Cyrille Diabaté : Le sport professionnel, l’UFC, les ligues professionnelles (Belador..), pour moi c’est secondaire. Pour moi, le plus important, c’est effectivement le merveilleux outil social qu’est le MMA. Les arts martiaux apprennent tout un tas de valeurs. Dans notre société, pour vous reprendre, énormément de valeurs se perdent, des qualités humaines se perdent. Le MMA est une façon de réapprendre ces valeurs, ces qualités aux gens, à la jeunesse. Le MMA avant toute chose est un outil social.

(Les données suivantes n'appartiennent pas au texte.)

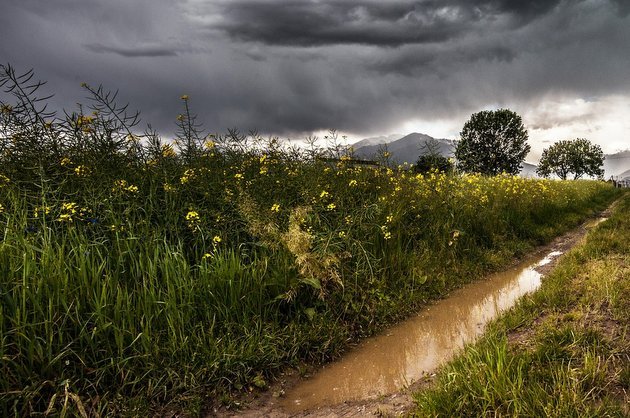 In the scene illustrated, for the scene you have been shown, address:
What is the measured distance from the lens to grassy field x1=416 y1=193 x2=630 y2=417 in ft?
8.34

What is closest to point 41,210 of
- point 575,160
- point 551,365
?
point 551,365

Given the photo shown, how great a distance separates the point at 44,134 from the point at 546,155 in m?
97.1

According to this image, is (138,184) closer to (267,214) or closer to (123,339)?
(267,214)

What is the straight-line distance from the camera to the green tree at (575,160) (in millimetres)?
78688

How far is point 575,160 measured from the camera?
7819 centimetres

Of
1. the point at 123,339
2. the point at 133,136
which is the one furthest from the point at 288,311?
the point at 133,136

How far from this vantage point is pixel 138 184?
5.16 meters

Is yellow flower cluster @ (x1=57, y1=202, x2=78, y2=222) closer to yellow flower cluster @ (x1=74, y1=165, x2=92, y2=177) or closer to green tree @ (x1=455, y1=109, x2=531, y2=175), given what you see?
yellow flower cluster @ (x1=74, y1=165, x2=92, y2=177)

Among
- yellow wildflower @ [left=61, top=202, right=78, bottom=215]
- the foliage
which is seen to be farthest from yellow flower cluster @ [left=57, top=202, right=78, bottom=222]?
the foliage

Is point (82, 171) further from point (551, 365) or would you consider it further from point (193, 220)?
point (551, 365)

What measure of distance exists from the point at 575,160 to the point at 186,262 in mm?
92553

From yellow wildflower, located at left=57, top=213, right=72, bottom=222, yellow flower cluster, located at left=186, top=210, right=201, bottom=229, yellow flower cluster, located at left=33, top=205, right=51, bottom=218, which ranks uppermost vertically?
yellow flower cluster, located at left=33, top=205, right=51, bottom=218

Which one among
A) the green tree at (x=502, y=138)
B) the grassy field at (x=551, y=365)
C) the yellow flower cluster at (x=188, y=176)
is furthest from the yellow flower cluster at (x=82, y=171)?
the green tree at (x=502, y=138)

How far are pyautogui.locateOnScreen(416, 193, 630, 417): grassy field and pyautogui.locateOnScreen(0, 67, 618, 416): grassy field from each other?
1.68 metres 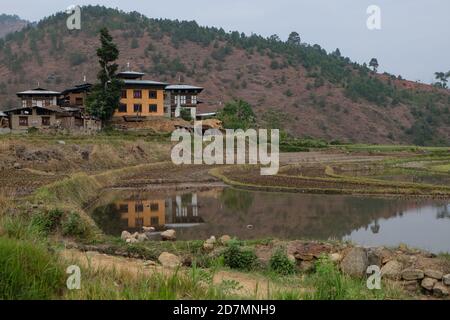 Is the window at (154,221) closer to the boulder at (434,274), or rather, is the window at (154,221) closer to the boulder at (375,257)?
the boulder at (375,257)

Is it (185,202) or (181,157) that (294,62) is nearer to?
(181,157)

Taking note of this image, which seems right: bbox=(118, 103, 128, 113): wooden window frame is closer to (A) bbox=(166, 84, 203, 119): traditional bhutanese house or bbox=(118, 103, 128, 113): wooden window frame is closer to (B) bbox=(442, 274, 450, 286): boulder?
(A) bbox=(166, 84, 203, 119): traditional bhutanese house

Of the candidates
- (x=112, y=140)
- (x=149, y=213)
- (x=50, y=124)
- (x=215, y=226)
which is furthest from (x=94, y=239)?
(x=50, y=124)

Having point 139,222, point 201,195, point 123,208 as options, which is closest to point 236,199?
point 201,195

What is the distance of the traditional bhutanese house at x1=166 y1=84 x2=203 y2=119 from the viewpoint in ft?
201

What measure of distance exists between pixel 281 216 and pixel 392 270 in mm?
9312

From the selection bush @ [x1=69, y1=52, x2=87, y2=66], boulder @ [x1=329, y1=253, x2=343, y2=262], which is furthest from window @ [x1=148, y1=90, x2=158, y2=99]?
bush @ [x1=69, y1=52, x2=87, y2=66]

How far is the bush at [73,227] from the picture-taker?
13.7 metres

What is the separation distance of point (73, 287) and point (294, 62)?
110 meters

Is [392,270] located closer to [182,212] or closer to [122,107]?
[182,212]

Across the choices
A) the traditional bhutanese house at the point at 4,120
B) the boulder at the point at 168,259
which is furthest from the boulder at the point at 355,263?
the traditional bhutanese house at the point at 4,120

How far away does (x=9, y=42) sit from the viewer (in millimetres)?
110062

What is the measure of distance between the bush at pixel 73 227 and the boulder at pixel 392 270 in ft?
26.1

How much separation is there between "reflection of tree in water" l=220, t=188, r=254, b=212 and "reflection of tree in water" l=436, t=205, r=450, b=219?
7.79 m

C’est une école de la vie, c’est ce que j’essaie d’enseigner dans ma petite salle de banlieue parisienne, à Épinay-sur-Seine, dans le 93. J’ai un public qui vient de banlieue, banlieue dure, où une jeunesse connaît la frustration, des tas de choses négatives.

Je vois les jeunes s’épanouir à la salle au quotidien, s’émanciper, se débarrasser de tout un tas de choses qui les frustrent. Pour moi c’est ça le MMA. L’école de vie, la possibilité d’éduquer la jeunesse.

Breizh-info.com : Qui sont pour vous les espoirs prometteurs du MMA, en France ? Dans le monde ?

Cyrille Diabaté : En tant que coach, à chaque fois que j’ai répondu à cette question en donnant des noms, il s’avère que ces gens ont baissé les bras, car on est dans un contexte difficile en France. Arrivé à 22 ans, quand on a le choix entre devenir combattant professionnel, s’entraîner deux fois par jour, faire des sacrifices et en même temps, payer les factures… on a un contexte particulier.

J’ai vu des jeunes arriver à la salle, se faire un petit nom, et vu la difficulté du contexte, baisser les bras.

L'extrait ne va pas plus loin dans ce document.